Sie sind von Fachleuten im Konsens erarbeitet und gelten als untergesetzliches Regelwerk. Ihnen wohnt eine widerlegbare Vermutungswirkung des ordnungsgemäßen und sorgfältigen Handelns inne. Es gilt, dass bei Anwendung der allgemein anerkannten Regeln der Technik sicher und funktionstauglich betrieben werden kann. Abweichungen von den Regeln der Technik haben einerseits strafrechtliche Konsequenzen (siehe § 319 StGB – Baugefährdung) und stellen andererseits einen zivilrechtlichen Mangel dar.
Eine allgemein anerkannte Regel der Technik ist als unterstes Sicherheitsniveau die herrschende Auffassung unter den technischen Praktikern, weshalb dieser Maßstab „stets hinter einer weiterstrebenden technischen Entwicklung hinterherhinkt“.
Beispiel: Der Einsatz von Fehlerstrom-Schutzeinrichtungen (RCD) als Personenschutz in Steckdosen-Stromkreisen ist seit vielen Jahren in den Regelwerken enthalten, teilweise schon seit fast 40 Jahren. Diese Regelwerke (also die DIN VDE 0100-701 und DIN VDE 0100-410) gelten als „Allgemein anerkannte Regel der Technik“.
2. Stufe der Drei-Stufen-Theorie – Stand der Technik
Stand der Technik ist der Entwicklungsstand fortschrittlicher Verfahren, Einrichtungen oder Betriebsweisen, der die praktische Eignung einer Maßnahme oder Vorgehensweise zum Schutz der Gesundheit und zur Sicherheit der Beschäftigten oder anderer Personen gesichert erscheinen lässt. Bei der Bestimmung des Stands der Technik sind insbesondere vergleichbare Verfahren, Einrichtungen oder Betriebsweisen heranzuziehen, die mit Erfolg in der Praxis erprobt worden sind, siehe § 2 Abs. 5 BetrSichV.
Der Stand der Technik geht über die anerkannten Regeln der Technik hinaus und verkörpert das neuzeitliche Wissen. Wesentliches Element zur Bestimmung des Stands der Technik ist die dynamische Betrachtung des aktuellen technischen Entwicklungsstands.
Das bedeutet, sich an der Front der technischen Entwicklung zu bewegen.
Beispiel: In der Fachwelt ist es unumstritten, dass für viele Anwendungen eine Fehlerstrom-Schutzeinrichtung Typ A nicht mehr ausreichend ist. Anstatt des Typs A sind dann allstromsensitive Fehlerstrom-Schutzeinrichtung Typ B erforderlich, um den Personenschutz zu gewährleisten. Es gibt bisher nur wenige Fundstellen in Regelwerken, die dies zumindest für Neuanlagen fordern. Es ist viel mehr „Stand der Technik“ dies bei Neuanlagen und teilweise als Nachrüstung im Bestand so umzusetzen.

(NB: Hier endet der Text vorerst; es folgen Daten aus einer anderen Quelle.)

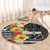 Samoa Tribal Hibiscus Flowers Round Carpet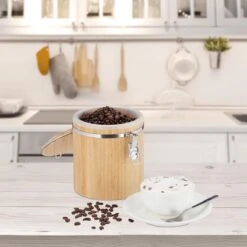Boîte à Café Relaxdays Bambou - Boîte De Rangement - Hermétique - Fermeture à Clip - Avec Couvercle -Cuisine Fournitures Magasin 1200x1200 1259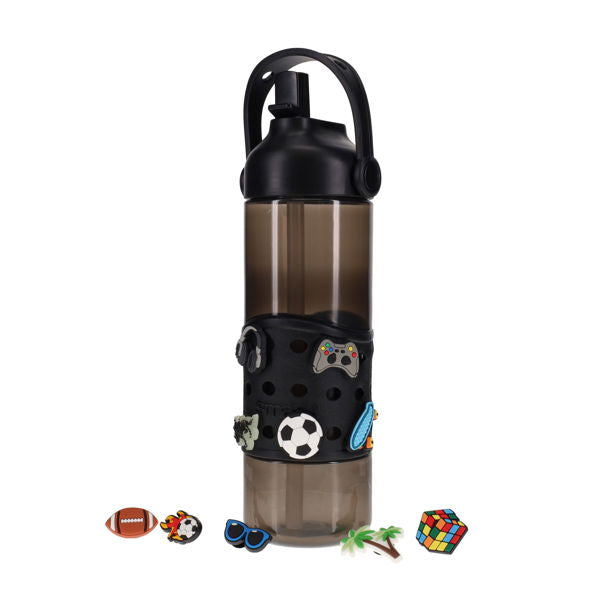 750ml Bottle Black With 10 Charms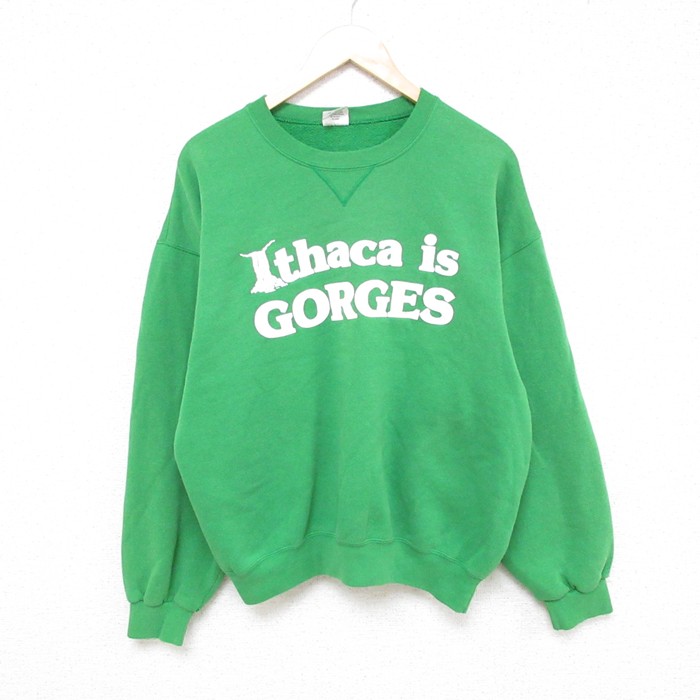 XL★古着 長袖 スウェット メンズ 00年代 00s GORGES クルーネック 緑 グリーン 25mar03 中古 スエット トレーナー トップス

3. Stufe der Drei-Stufen-Theorie – Stand von Wissenschaft und Technik
Stand von Wissenschaft und Technik bildet als 3. Stufe das höchste Sicherheitsniveau.
Der Stand von Wissenschaft und Technik als höchstes Anforderungsniveau spielt z. B. eine Rolle im Atom- und Gentechnikrecht. Hierbei werden neueste, zum Teil auch nur theoretische Erkenntnisse zum Maßstab der einzuhaltenden besonderen Sorgfalt gemacht.
Diese 3. Stufe spielt für die Spezialisten in der Elektrotechnik eine untergeordnete Rolle.